IV, THE FOURTH SENSE IN WHICH WE EXPERIENCE THE FATHERHOOD OF GOD IS IN HIS WATCH-CARE OVER HIS CHILDREN. 
1. In this very sermon on the Mount that includes this "Lord's prayer," the expression occurs frequently -- v.8, for example --"Your Heavenly Father knows what things you have need of before you ask him." 

2. As earthly fathers are given the ultimate responsibility before God for the care and welfare of their children, so your Heavenly Father is repeatedly on record as being continually and absolutely responsible for your welfare. 

What an incredible benefit of sonship this is: to know that whatever might come to pass, God is always caring for the welfare of his dear child!  Assuming you are a true child of God, nothing can ever happen to you outside of God's will! And nothing can ever happen to you that is not essentially and ultimately positive!  Every single thing ultimately "working together for good to him (-to her-) who loves God and is the called according to his gracious purpose!"(Romans 8: 28)  If you really want God's will in your life, that is better insurance than any insurance policy in the whole world!  Do you have a sense of the benefit of this insurance? 

V. FINALLY, WE EXPERIENCE THE FATHERHOOD OF GOD IN HIS PROMISE THAT WE WILL BE WITH HIM FOREVER IN HIS BLESSED PRESENCE! 

1. "I go to prepare a place for you that where I am, there you may be also," said the Lord to his disciples toward the end of his earthly ministry (John 14; 3).  And in Revelation we read "And I heard a voice out of heaven, saying, "Behold, the tabernacle of God is with men and he shall dwell with them, and they shall be his people and God himself shall be with them and he will be their God." (Revelation 21: 3) 

2. That verse out of Revelation 21 is the culmination of Fatherhood.  A father loves to be with his children.  Unfortunately, in the earthly sense, geographical limitations, personality differences, child-parent clashes, generation gaps, sometimes preclude closeness.  But in this fatherhood we will be with our dear, loving, heavenly Father, forever!  No more of the disappointments and heartaches that sometimes encumber human father-child relationships.  No more of the separation created by geography or by psychology, or by sin, or differing perspectives, only blessed union with him whom we love and who has given us eternal life. 
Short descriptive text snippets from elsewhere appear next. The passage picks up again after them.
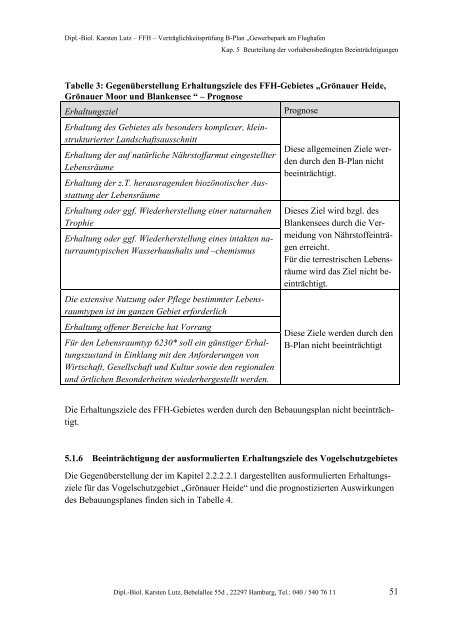 FFH-Studie - Stadtentwicklung - Hansestadt LÜBECK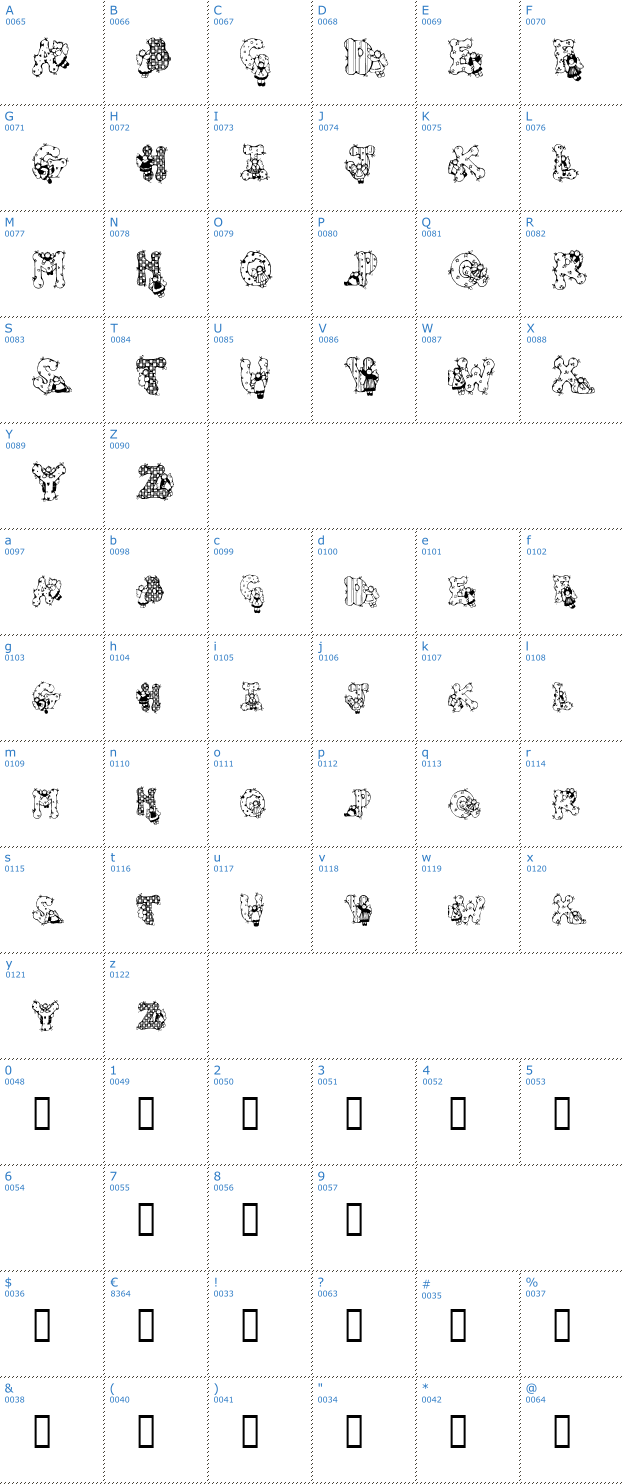 Schriftzeichen Patchwork Angel Font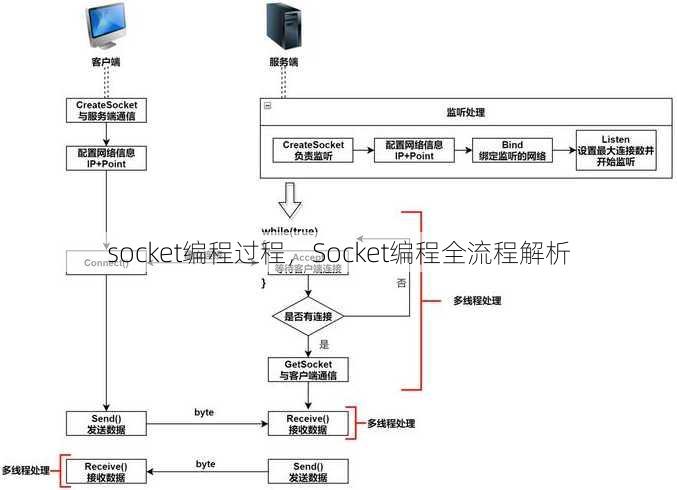 socket编程过程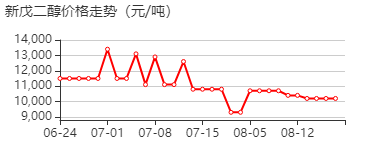 新戊二醇 价格行情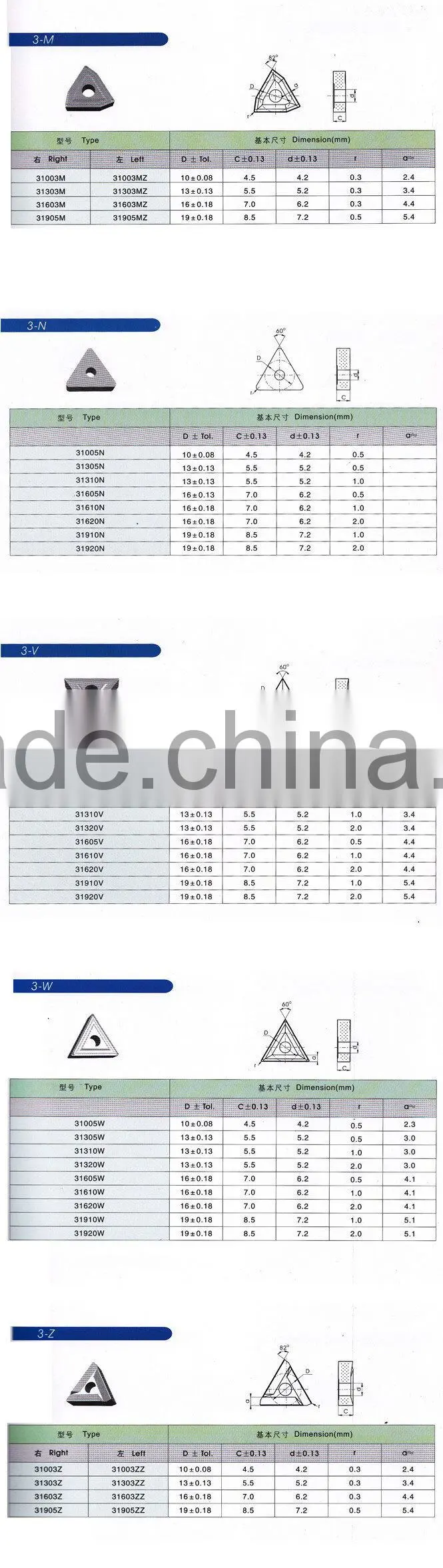 hot sale tungsten carbide inserts for cnc machine
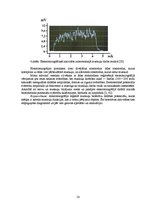 Referāts 'Muskuļu funkcionālais stāvoklis un attīstīšanas metodes', 20.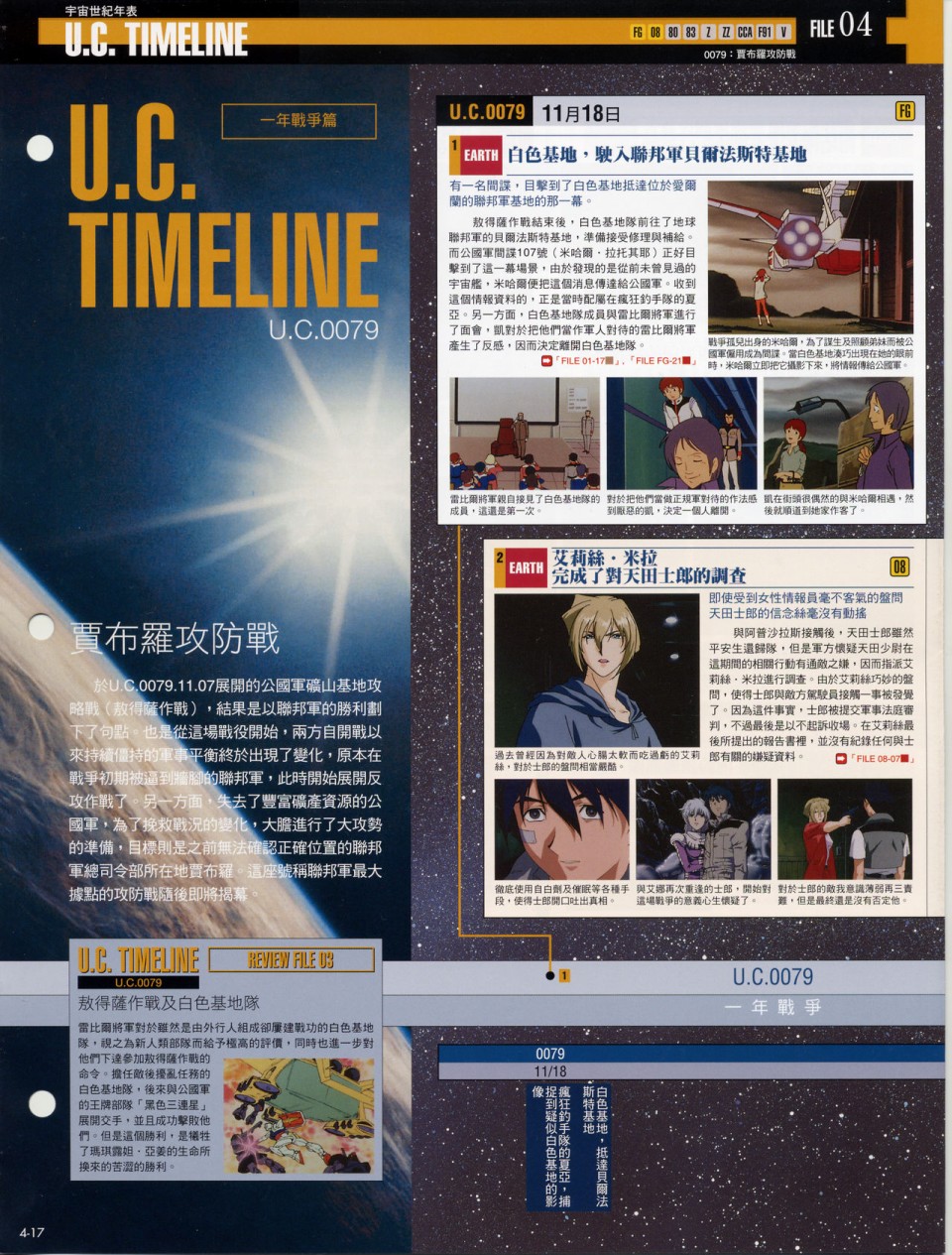 The Official Gundam Fact File韩漫全集-第01-10期合集无删减无遮挡章节图片 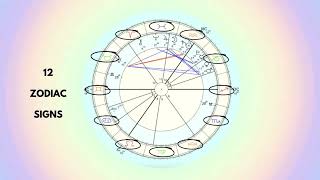 HOW TO GET YOUR ASTROLOGY BIRTH CHART FOR FREE - TUTORIAL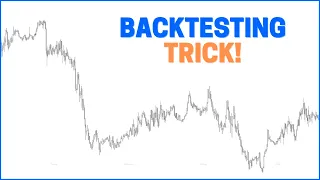 How to Backtest Further Back Using Lower Time Frames on Tradingview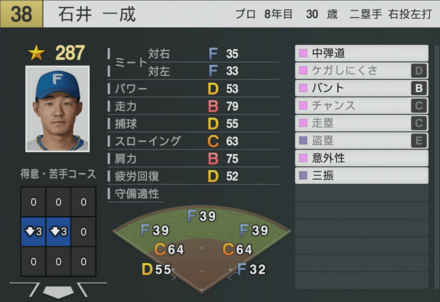 石井一成の能力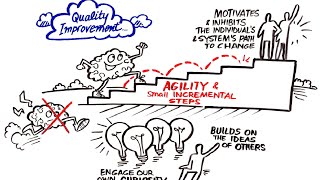 Quality Improvement in Healthcare [upl. by Elletnwahs982]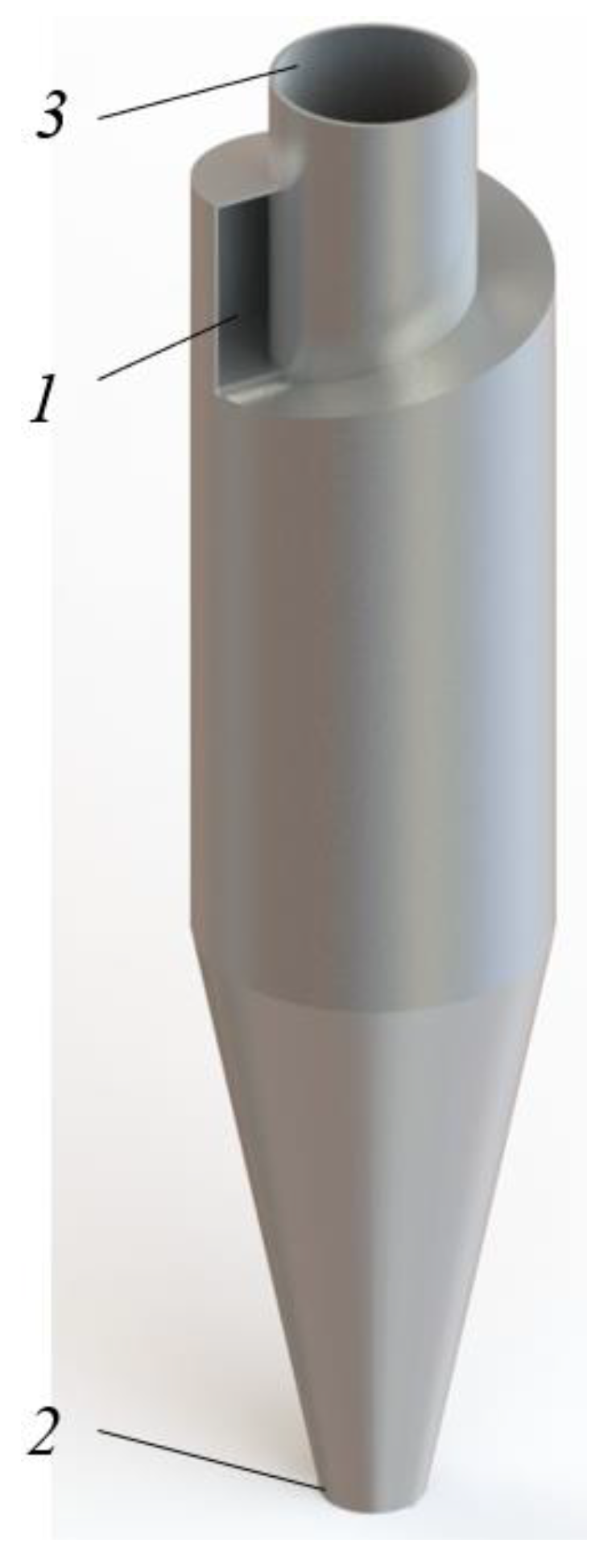 Processes 11 00156 g001 Processes 11 00156 g001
I had a friend years ago who was frequently alluding to the fact that his father was a judge.  Even though he was, himself, a person of considerable talents and accomplishments, it was obvious that the status of his father gave him a sense of satisfaction and a mark of distinction and self-respect in life.  But here is the ultimate mark of satisfaction and distinction -- to have the First Person of the Godhead as your Father -- not just in the sense of regeneration, but as a loving, interactive, continually involved Person in your life!  This is what we mean when we pray "Our Father who art in heaven" -- "our dear, gracious, loving, life-giving, understanding, eternally-abiding Heavenly Father!"  It is also a part of what we mean when we say "I believe in God the Father Almighty, maker of heaven and earth." 

Is it true of your experience that you have this kind of a relationship with the Heavenly Father, through our Lord Jesus Christ?  How blessed we are, not only that we have an objective salvation for an eternity to come; but that we are enriched by that relationship even here during the years of our pilgrimage as we make our way to "the City which has foundations, whose builder and maker is God!"